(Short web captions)
-- Opening Marker --
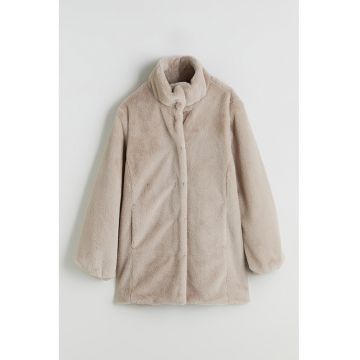 Haina scurta de blana sintetica Grace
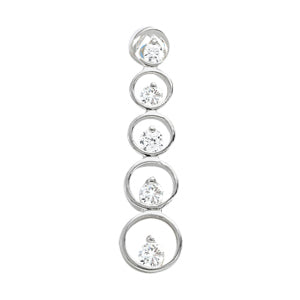 18K White Gold 1 ct Diamond Journey Pendant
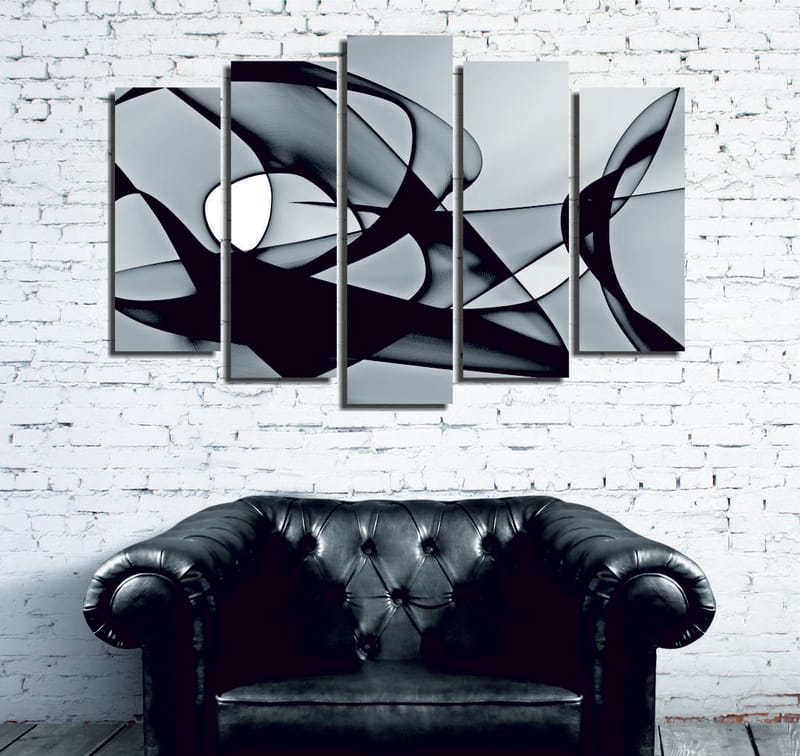 DEKORATIV CANVASTAVLA 5-Delar 70x20 cm Flerfärgad - Inredning & dekor - Tavlor & konst - Canvastavla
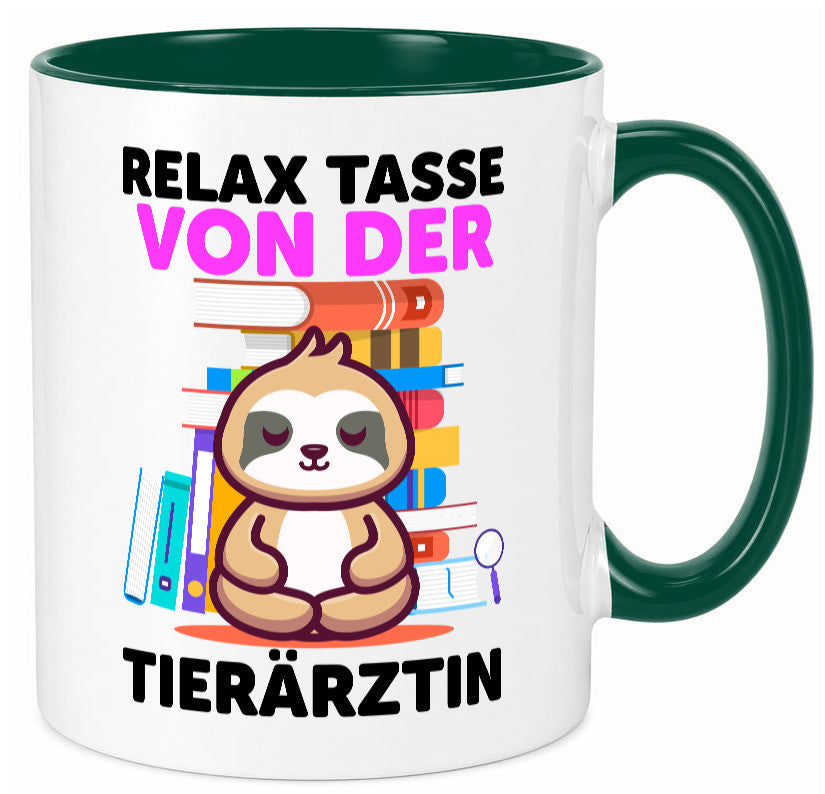 Relax Tasse: Tierärztin | Mediziner Tiermedizin Humor Tierliebhaber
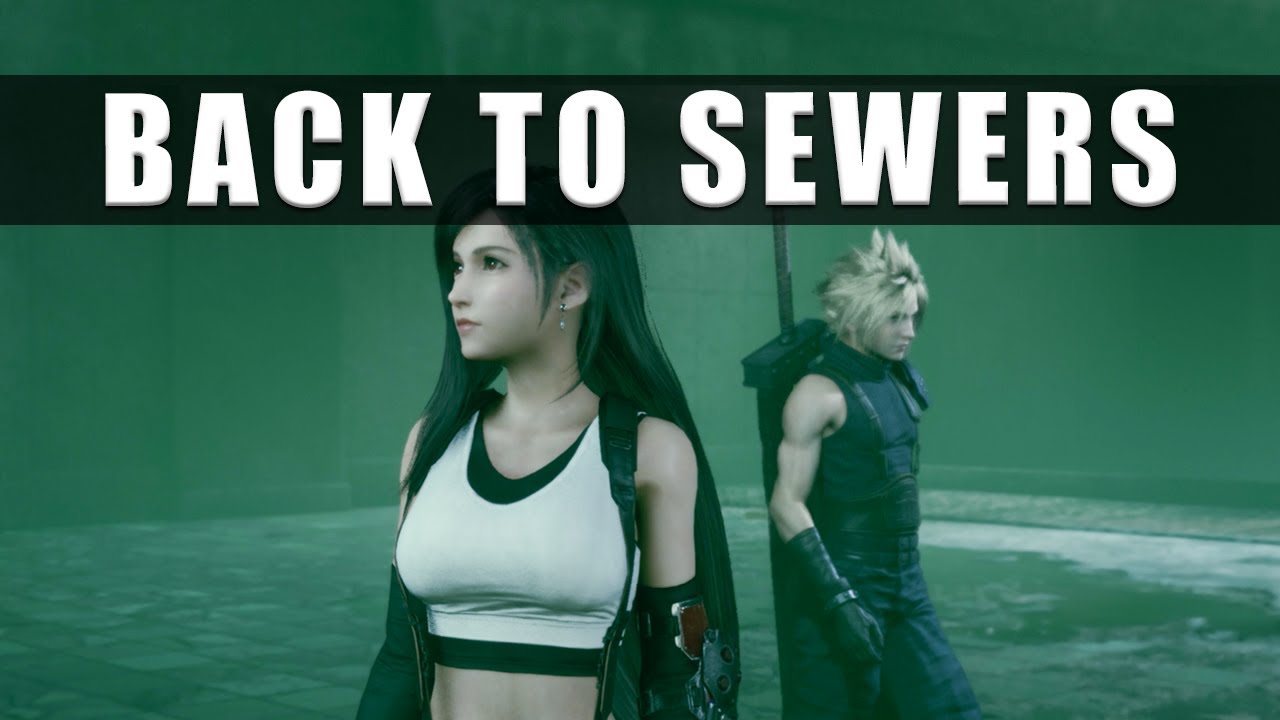 Final Fantasy 7 Remake как вернуться в канализацию - Убежище Дона Корнео в канализации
-- Closing Marker --
> _Directions for this task_
Take the data above and repeat it exactly, leaving each picture out.

> _Task output_
 Haina scurta de blana sintetica Grace
 18K White Gold 1 ct Diamond Journey Pendant
 DEKORATIV CANVASTAVLA 5-Delar 70x20 cm Flerfärgad - Inredning & dekor - Tavlor & konst - Canvastavla
 Relax Tasse: Tierärztin | Mediziner Tiermedizin Humor Tierliebhaber
 Final Fantasy 7 Remake как вернуться в канализацию - Убежище Дона Корнео в канализации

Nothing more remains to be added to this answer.